GIVEN INFORMATION:
============
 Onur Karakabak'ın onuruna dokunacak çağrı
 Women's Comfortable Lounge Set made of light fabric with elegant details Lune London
============
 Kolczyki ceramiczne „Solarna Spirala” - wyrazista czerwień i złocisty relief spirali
============
WHAT THIS TASK INVOLVES: From the entries above, restate word for word the lines from the line containing "Onur Karakabak'ın onuruna dokunacak çağrı" to the line containing "Women's Comfortable Lounge", both ends included, and nothing more.

SOLVED EXERCISE:
 Onur Karakabak'ın onuruna dokunacak çağrı
 Women's Comfortable Lounge Set made of light fabric with elegant details Lune London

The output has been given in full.